··· Listed entries
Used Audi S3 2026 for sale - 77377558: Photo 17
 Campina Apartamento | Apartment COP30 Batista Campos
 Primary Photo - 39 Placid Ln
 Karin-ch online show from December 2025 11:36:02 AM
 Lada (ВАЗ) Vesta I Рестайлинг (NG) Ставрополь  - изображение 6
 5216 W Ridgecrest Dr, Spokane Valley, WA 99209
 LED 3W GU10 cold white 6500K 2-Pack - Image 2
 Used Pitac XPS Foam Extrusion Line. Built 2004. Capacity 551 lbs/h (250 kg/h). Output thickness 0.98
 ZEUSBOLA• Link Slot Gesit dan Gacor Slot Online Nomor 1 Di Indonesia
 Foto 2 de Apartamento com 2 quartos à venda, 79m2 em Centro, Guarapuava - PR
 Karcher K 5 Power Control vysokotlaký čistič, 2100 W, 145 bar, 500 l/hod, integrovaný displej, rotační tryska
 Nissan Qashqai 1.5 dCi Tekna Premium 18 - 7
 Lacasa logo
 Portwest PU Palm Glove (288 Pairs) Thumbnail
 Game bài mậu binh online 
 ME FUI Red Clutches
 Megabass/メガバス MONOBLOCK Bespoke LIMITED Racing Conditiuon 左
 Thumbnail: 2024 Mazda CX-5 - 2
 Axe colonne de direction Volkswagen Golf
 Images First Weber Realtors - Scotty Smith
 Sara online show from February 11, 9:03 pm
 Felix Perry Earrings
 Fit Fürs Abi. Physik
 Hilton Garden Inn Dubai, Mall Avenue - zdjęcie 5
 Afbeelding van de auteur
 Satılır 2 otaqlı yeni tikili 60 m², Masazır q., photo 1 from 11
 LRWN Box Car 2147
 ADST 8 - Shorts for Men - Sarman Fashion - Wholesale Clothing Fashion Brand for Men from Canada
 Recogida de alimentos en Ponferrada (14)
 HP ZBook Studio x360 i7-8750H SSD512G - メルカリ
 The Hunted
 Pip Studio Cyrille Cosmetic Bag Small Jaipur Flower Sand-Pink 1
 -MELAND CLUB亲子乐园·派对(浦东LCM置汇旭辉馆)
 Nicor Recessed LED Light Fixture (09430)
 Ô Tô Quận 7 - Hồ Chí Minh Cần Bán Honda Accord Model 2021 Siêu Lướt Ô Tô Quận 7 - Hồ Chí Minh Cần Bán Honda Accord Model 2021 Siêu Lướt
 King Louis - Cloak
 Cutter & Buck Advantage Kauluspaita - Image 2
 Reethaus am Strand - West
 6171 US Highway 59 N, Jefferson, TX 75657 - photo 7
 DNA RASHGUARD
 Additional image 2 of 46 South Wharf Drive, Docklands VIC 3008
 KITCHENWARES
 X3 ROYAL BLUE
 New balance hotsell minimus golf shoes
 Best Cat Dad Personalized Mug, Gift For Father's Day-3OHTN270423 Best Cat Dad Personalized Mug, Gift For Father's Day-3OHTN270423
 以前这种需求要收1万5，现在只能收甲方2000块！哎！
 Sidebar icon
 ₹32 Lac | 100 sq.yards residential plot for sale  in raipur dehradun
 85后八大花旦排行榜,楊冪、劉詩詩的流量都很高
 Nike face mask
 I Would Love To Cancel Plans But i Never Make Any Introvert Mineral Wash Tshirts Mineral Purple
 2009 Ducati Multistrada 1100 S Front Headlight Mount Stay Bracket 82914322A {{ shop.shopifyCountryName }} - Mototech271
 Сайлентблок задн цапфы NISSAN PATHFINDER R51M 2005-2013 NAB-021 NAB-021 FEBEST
······
- _Task instructions_: Write out each entry again, word for word.

- _Solution_:
Used Audi S3 2026 for sale - 77377558: Photo 17
 Campina Apartamento | Apartment COP30 Batista Campos
 Primary Photo - 39 Placid Ln
 Karin-ch online show from December 2025 11:36:02 AM
 Lada (ВАЗ) Vesta I Рестайлинг (NG) Ставрополь  - изображение 6
 5216 W Ridgecrest Dr, Spokane Valley, WA 99209
 LED 3W GU10 cold white 6500K 2-Pack - Image 2
 Used Pitac XPS Foam Extrusion Line. Built 2004. Capacity 551 lbs/h (250 kg/h). Output thickness 0.98
 ZEUSBOLA• Link Slot Gesit dan Gacor Slot Online Nomor 1 Di Indonesia
 Foto 2 de Apartamento com 2 quartos à venda, 79m2 em Centro, Guarapuava - PR
 Karcher K 5 Power Control vysokotlaký čistič, 2100 W, 145 bar, 500 l/hod, integrovaný displej, rotační tryska
 Nissan Qashqai 1.5 dCi Tekna Premium 18 - 7
 Lacasa logo
 Portwest PU Palm Glove (288 Pairs) Thumbnail
 Game bài mậu binh online 
 ME FUI Red Clutches
 Megabass/メガバス MONOBLOCK Bespoke LIMITED Racing Conditiuon 左
 Thumbnail: 2024 Mazda CX-5 - 2
 Axe colonne de direction Volkswagen Golf
 Images First Weber Realtors - Scotty Smith
 Sara online show from February 11, 9:03 pm
 Felix Perry Earrings
 Fit Fürs Abi. Physik
 Hilton Garden Inn Dubai, Mall Avenue - zdjęcie 5
 Afbeelding van de auteur
 Satılır 2 otaqlı yeni tikili 60 m², Masazır q., photo 1 from 11
 LRWN Box Car 2147
 ADST 8 - Shorts for Men - Sarman Fashion - Wholesale Clothing Fashion Brand for Men from Canada
 Recogida de alimentos en Ponferrada (14)
 HP ZBook Studio x360 i7-8750H SSD512G - メルカリ
 The Hunted
 Pip Studio Cyrille Cosmetic Bag Small Jaipur Flower Sand-Pink 1
 -MELAND CLUB亲子乐园·派对(浦东LCM置汇旭辉馆)
 Nicor Recessed LED Light Fixture (09430)
 Ô Tô Quận 7 - Hồ Chí Minh Cần Bán Honda Accord Model 2021 Siêu Lướt Ô Tô Quận 7 - Hồ Chí Minh Cần Bán Honda Accord Model 2021 Siêu Lướt
 King Louis - Cloak
 Cutter & Buck Advantage Kauluspaita - Image 2
 Reethaus am Strand - West
 6171 US Highway 59 N, Jefferson, TX 75657 - photo 7
 DNA RASHGUARD
 Additional image 2 of 46 South Wharf Drive, Docklands VIC 3008
 KITCHENWARES
 X3 ROYAL BLUE
 New balance hotsell minimus golf shoes
 Best Cat Dad Personalized Mug, Gift For Father's Day-3OHTN270423 Best Cat Dad Personalized Mug, Gift For Father's Day-3OHTN270423
 以前这种需求要收1万5，现在只能收甲方2000块！哎！
 Sidebar icon
 ₹32 Lac | 100 sq.yards residential plot for sale  in raipur dehradun
 85后八大花旦排行榜,楊冪、劉詩詩的流量都很高
 Nike face mask
 I Would Love To Cancel Plans But i Never Make Any Introvert Mineral Wash Tshirts Mineral Purple
 2009 Ducati Multistrada 1100 S Front Headlight Mount Stay Bracket 82914322A {{ shop.shopifyCountryName }} - Mototech271
 Сайлентблок задн цапфы NISSAN PATHFINDER R51M 2005-2013 NAB-021 NAB-021 FEBEST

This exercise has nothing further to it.